Christian Harrison, the LDS Dems' media liaison, said the church appears to be “punting" by suggesting that no progress on medical marijuana can be made until the federal classification of cannabis as a Schedule I drug is altered. But that message is implied, Harrison said, while the church remained silent on legalization efforts in other states where practicing Latter-day Saints reside.
“They’re talking about medical marijuana in Utah,” he said. “Where was their concern about medical marijuana in, say, Colorado?”
Some 30 states have legalized medical marijuana.
Harrison said the church’s efforts on the issue of cannabis are additionally “disconcerting,” given the many topics of public policy — like air quality or the separation of immigrant families — that leaders were reluctant to speak on, if they did at all.
“People who watch the church are at a loss to discern how they make decisions on the issues that they tackle,” he said. “There doesn’t seem to be any rhyme or reason.”
Church spokesman Eric Hawkins declined to comment beyond restating the faith’s position that voters are urged to vote “no” on Proposition 2, and to call on state elected officials to collaboratively work on a solution that will work for all Utahns.
In a meeting Tuesday with The Salt Lake Tribune’s editorial board, Utah Medical Association CEO Michelle McOmber said her organization’s primary objection to the initiative is that it is not truly aimed at medical treatment.
“The only involvement by a physician is recommendation of the [medical marijuana] card,” she said. “The physicians don’t know what a patient picks up.
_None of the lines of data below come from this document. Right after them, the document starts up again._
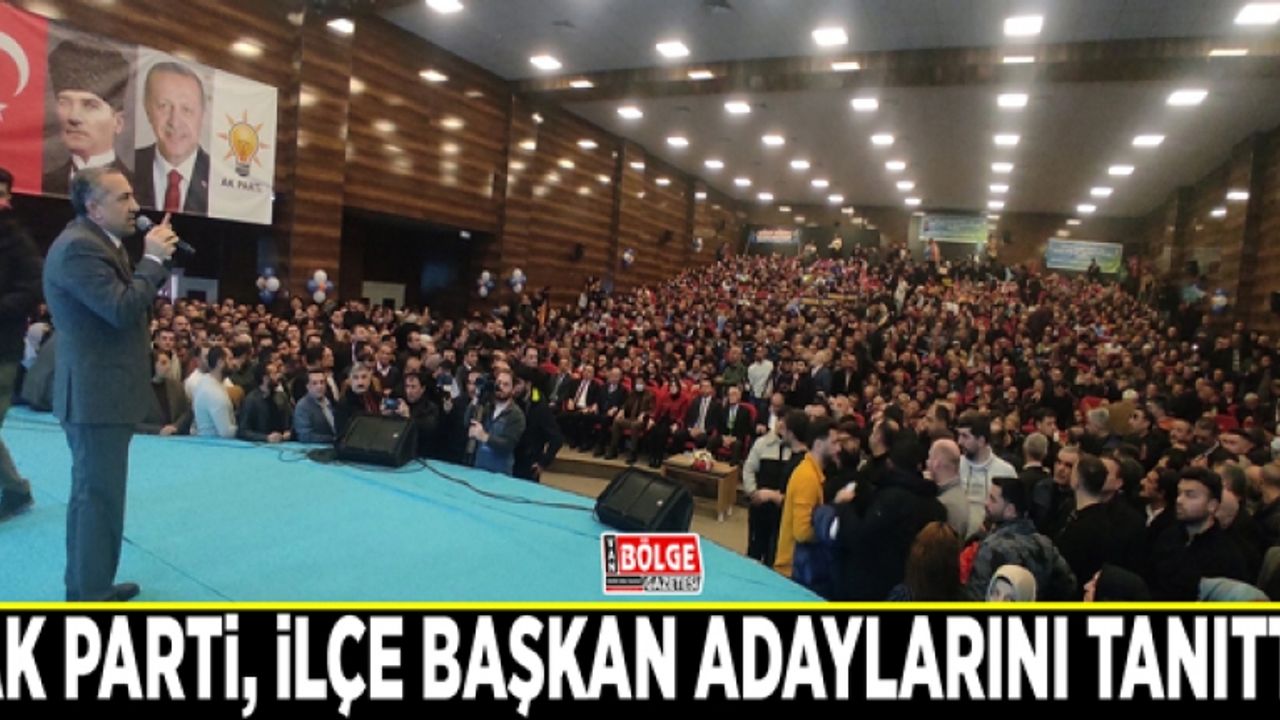 AK Parti, ilçe başkan adaylarını tanıttı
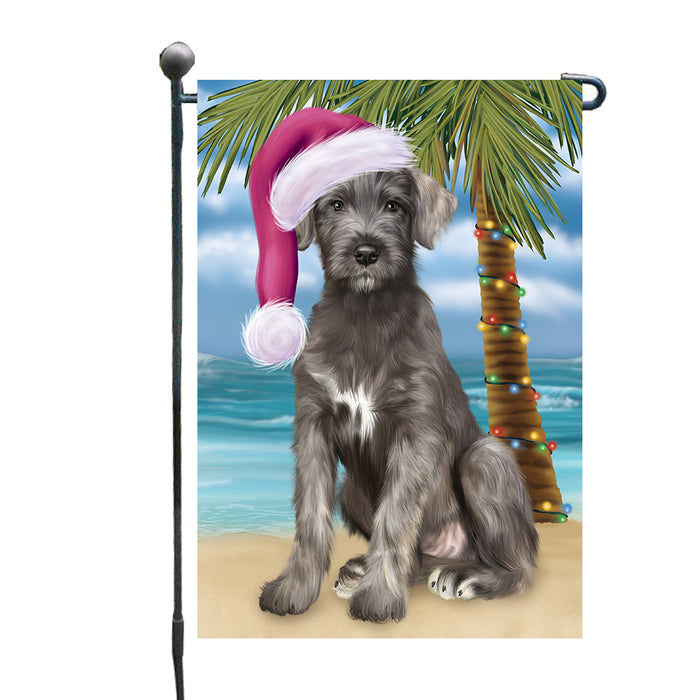 Christmas Summertime Island Tropical Beach Wolfhound Dog Garden Flags Outdoor Decor for Homes and Gardens Double Sided Garden Yard Spring Decorative Vertical Home Flags Garden Porch Lawn Flag for Decorations GFLG68160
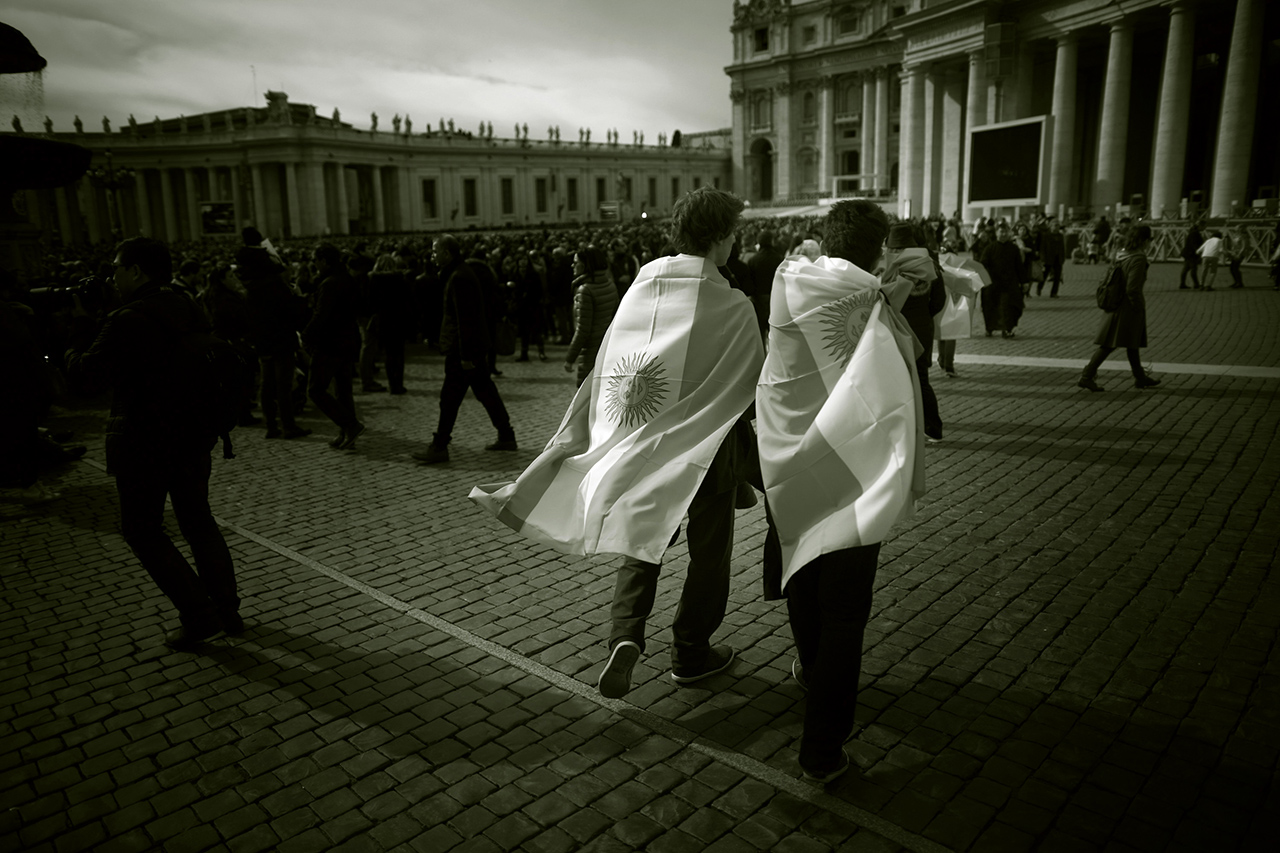 Alternative View - Pope Francis Attends His Sunday Angelus Blessing at St. Peters Square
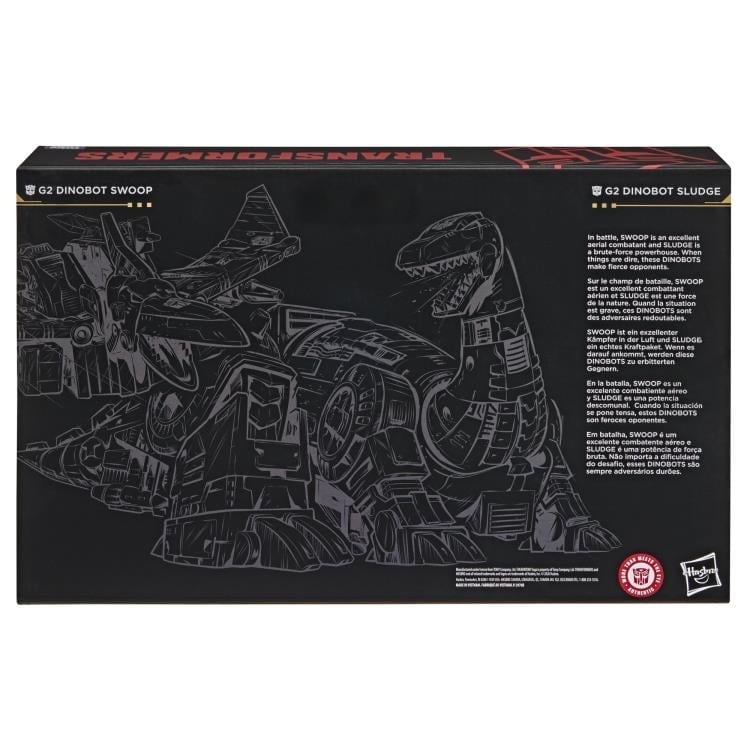 Transformers: Age of the Primes Generations Selects Leader Class G2 Dinobot Swoop & G2 Dinobot Sludge Action Figure Two-Pack Gallery Image 6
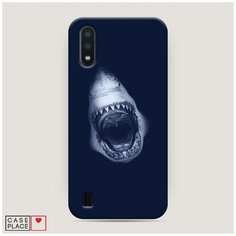 Чехол Пластиковый Samsung Galaxy A01 Пасть акулы Case Place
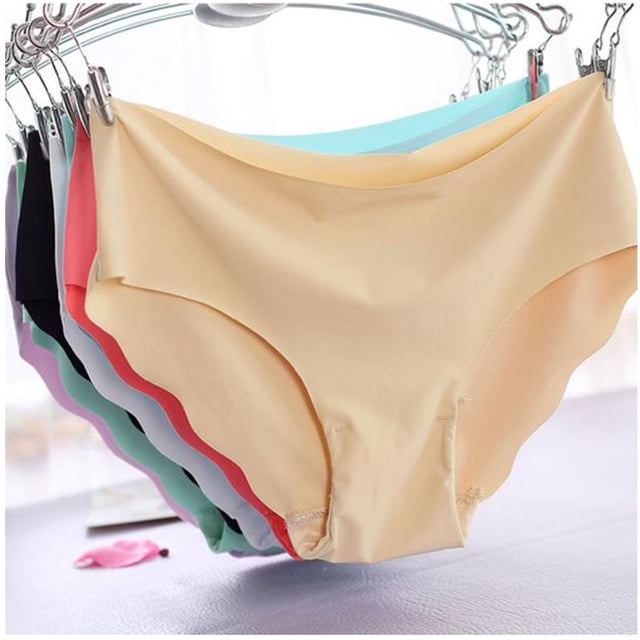 Las Mujeres De La Moda De Una Pieza Sin Costuras De Hielo De Seda Bragas De Niñas Ropa Interiorpangjing
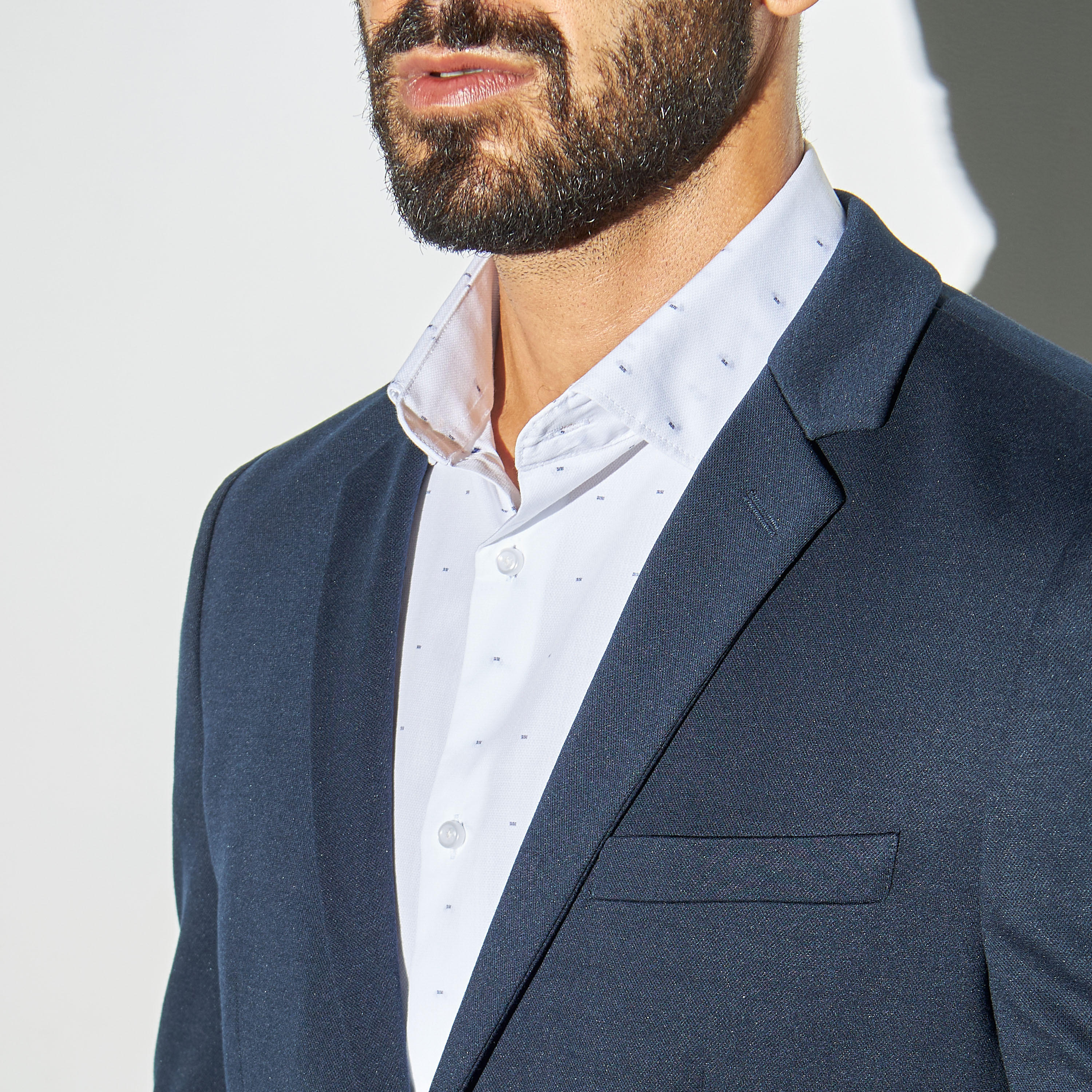Solid Blazer with Notch Lapel and Pockets-men-winterwear-jacketsandblazers-image-4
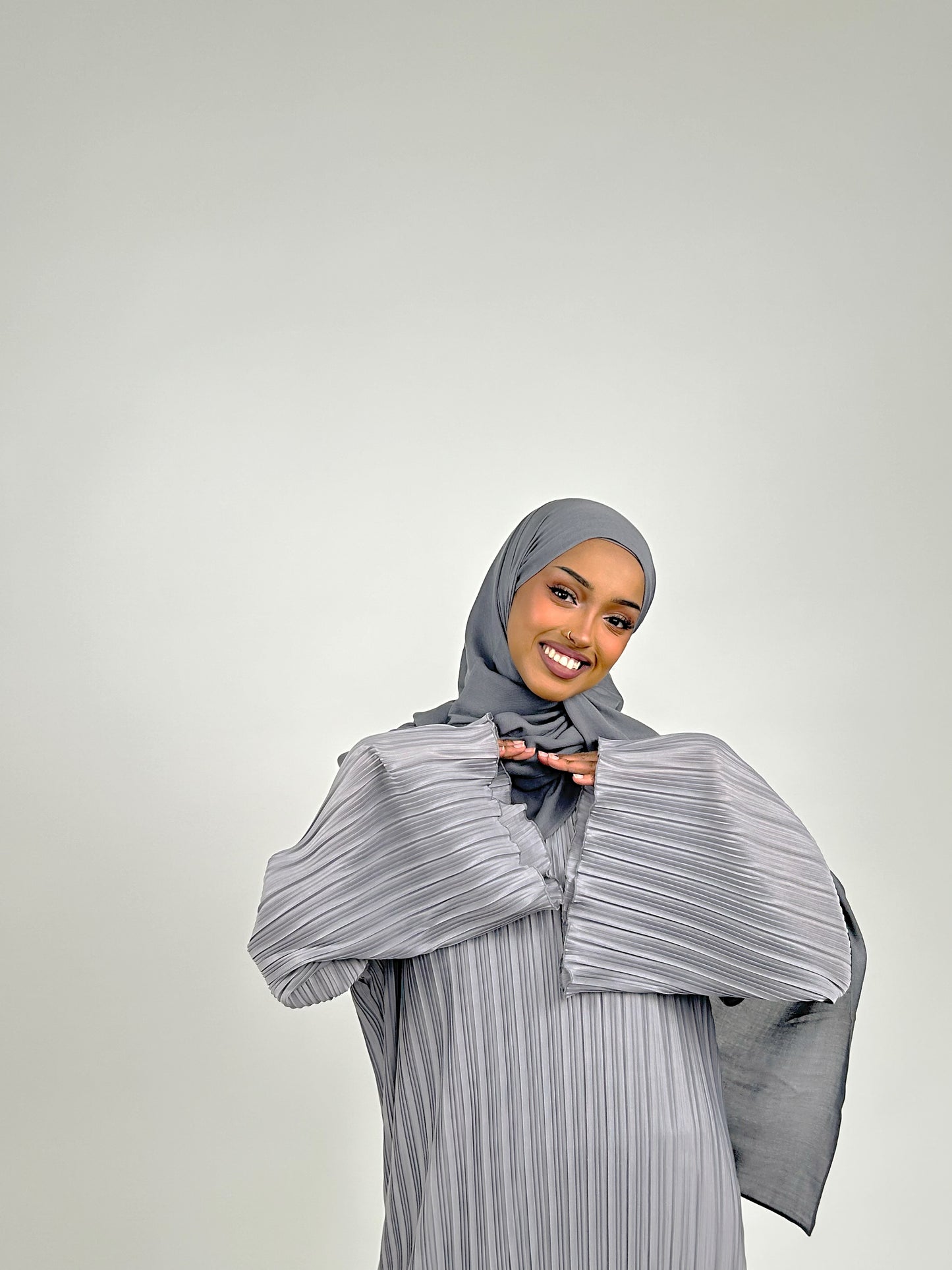 Pleated Maxi Dress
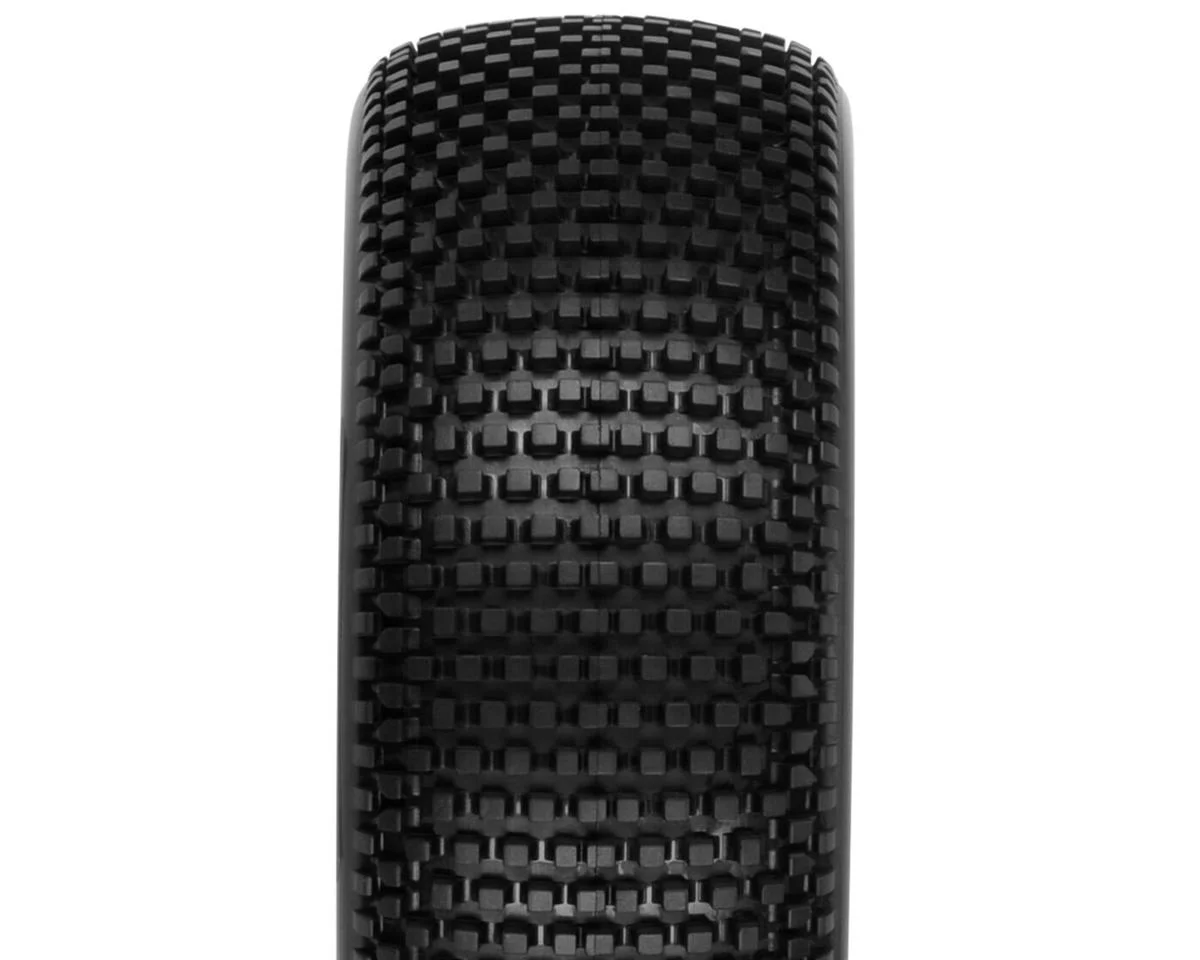 PRO9039233 Blockade Pre-Mounted 1/8 Buggy Tires (2) (White) (S3) w/Lightweight Wheel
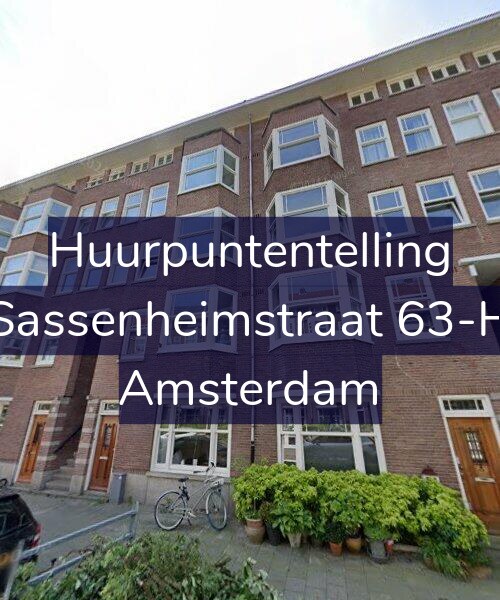 Foto gevel Huurpuntentelling voor Sassenheimstraat 63-H, Amsterdam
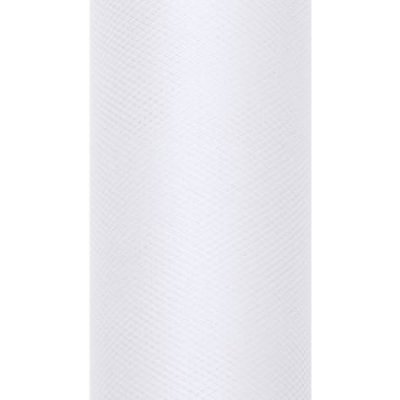 Paris Dekorace Tyl v roli, bílý, 15cm/9m – Zboží Dáma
It’s just whatever a dispensary will sell them or convinces them to buy.”
A better medical marijuana bill, she said, would be scientifically based and rely on precise dosing of marijuana derivatives produced by the state’s Department of Agriculture, as opposed to unregulated dispensaries.
“We don’t see brownies or cookies, or what have you, as a way to go with medicine,” she said.
Eric Biggart, the LDS Dems' chairman, said the caucus does not have a formal position in support or opposition to Prop 2. He said his group’s statement is meant to encourage careful study of the medical marijuana question and individual determination of how to vote.
“I would say we’re inviting voters to use their God-given agency,” he said. “Just think for yourselves as best you can.”